# Masterforce Track Saw



## AmishElectricCo (Jan 3, 2018)

*Masterforce 6-1/2" Plunge Cut Circular Saw Kit with 110" Guide Track*
Model Number: 2410706 
Menards SKU: 2410706
$199

6 1/2" blade
10 amp motor
5400 RPM
0-45 bevel
1 1/4" dust collection

Track saws are expensive...so, against my better judgement, I bought a Masterforce tool from Menards. I'm a hand tool guy, but I'm remodeling my shop space and the wife has a few projects lined up for me that will require a lot of plywood. In the past, I would just measure and line up a straightedge to use with a cordless circular saw to break down sheet goods - but this is time consuming and doesn't produce accurate cuts.

The kit comes with everything shown in the photo below: 


Track saw
4 sections of track (with 3 connectors)
2 blades
2 Track clamps
2 Hex wrenches
Bag for track, bag for saw

First thing after unboxing, toss the blades in the trash. I wouldn't even use them as drink coasters. Most blades that come with power tools are crap, but are at least serviceable until you can get something better. These blades are worthless. Fit and finish on the saw itself is what you would expect for a cheap tool. The plunge action and trigger are a little stiff, but not bad. 

My biggest complaint is with the track sections. They went crazy with gluing the plastic glides to the aluminum sections and I had to pry them apart. Then I spent 2 hours with Goo Gone removing glue so the saw could even manage to slide along the track. I was so irritated by that whole experience, I sent an email to Masterforce about it. I guess you get what you pay for.

Using the saw is pretty straightforward, with one exception: it's not a true zero clearance. The blade is about 1/8" away from the edge of the track, so you still have to do some math when measuring. You can't just mark your lines and then line up the edge of the track next to it. There are two adjustment knobs on the shoe of the saw to make sure it rides perfectly along the track - make sure you dial those in or your first cut will be wavy. Ask me how I know.

Dust collection works well. After breaking down 3 full sheets of plywood, I had a minimum amount of dust on the floor. Enough to maybe fill a soda can. 

I'll chalk up the Goo Gone fiasco as my bad luck picking the wrong box off the shelf. I can't imagine they all get packaged like that - even for a cheap tool. That aside, my only complaint is the zero clearance. I was really hoping to just measure out 26", butt the edge of the track to my line, and cut a 26" piece. It's a small thing, but it takes extra time to fart around with shop math.

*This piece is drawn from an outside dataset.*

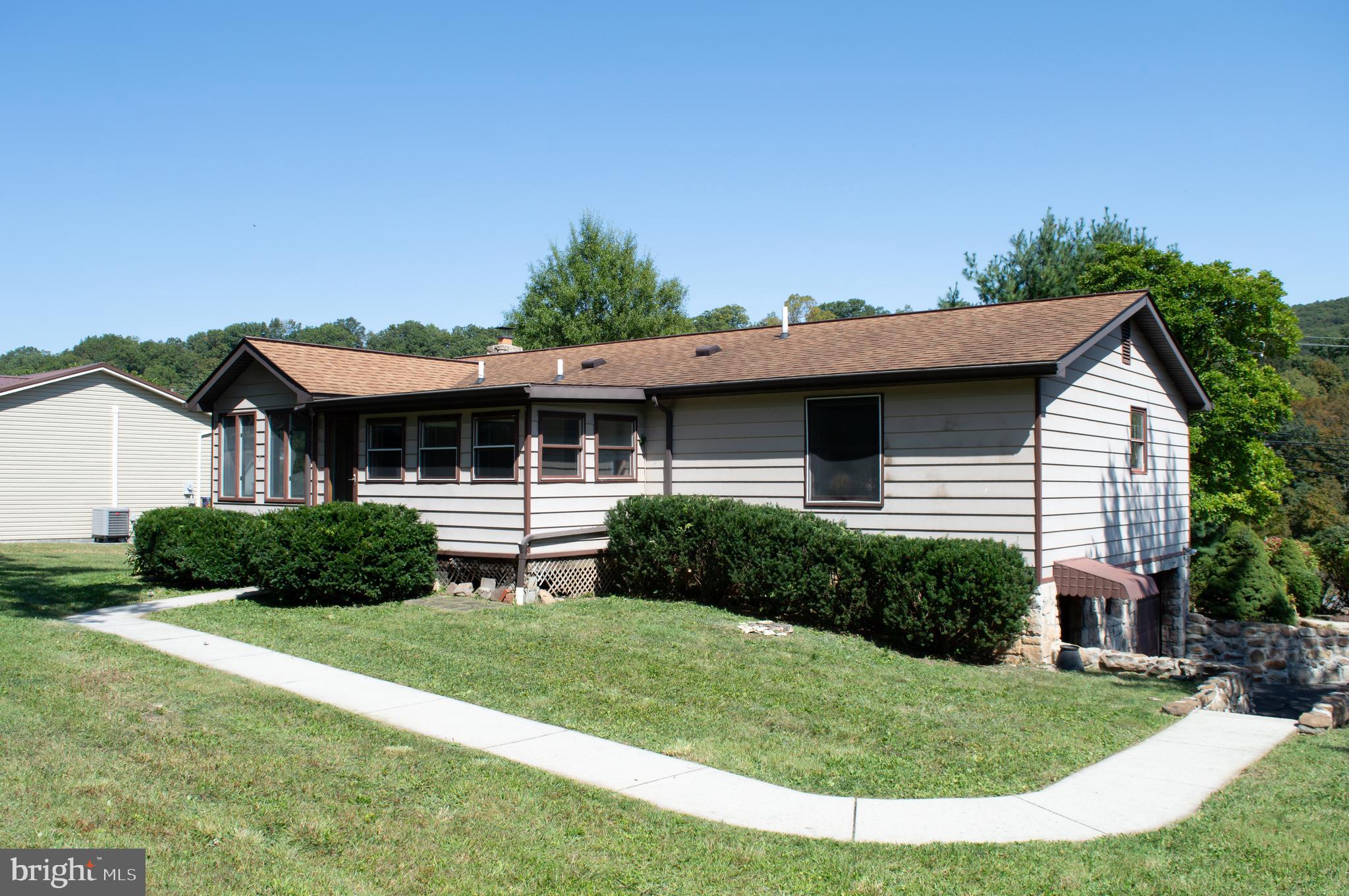 12713 Winchester Road Cumberland, MD 21502 - Photo 10 of 55 a view of an house with backyard space and garden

Overall, 7/10. The saw works fine (with a decent blade) and is accurate. Considering name brand track saws are easily double this price and higher, the Masterforce is the right price point for DIYers and non-pros who just need a simple solution.


----------



## woodnthings (Jan 24, 2009)

*Come up with a "fix" for the zero clearance issue!*

Is there any way to add onto the tracks with a suitable material so it will create a zero clearance when you first run the saw down the track?
I'm thinking a weatherstrip, hard plastic, nylon edging inside a rabbet or groove made with a slot cutter. Maybe cut off enough of the outboard side of the track to make a better attachment. Maybe just glue an new anti-slip sheet on the bottoms of the entire tracks. No use in struggling with an obvious design defect. 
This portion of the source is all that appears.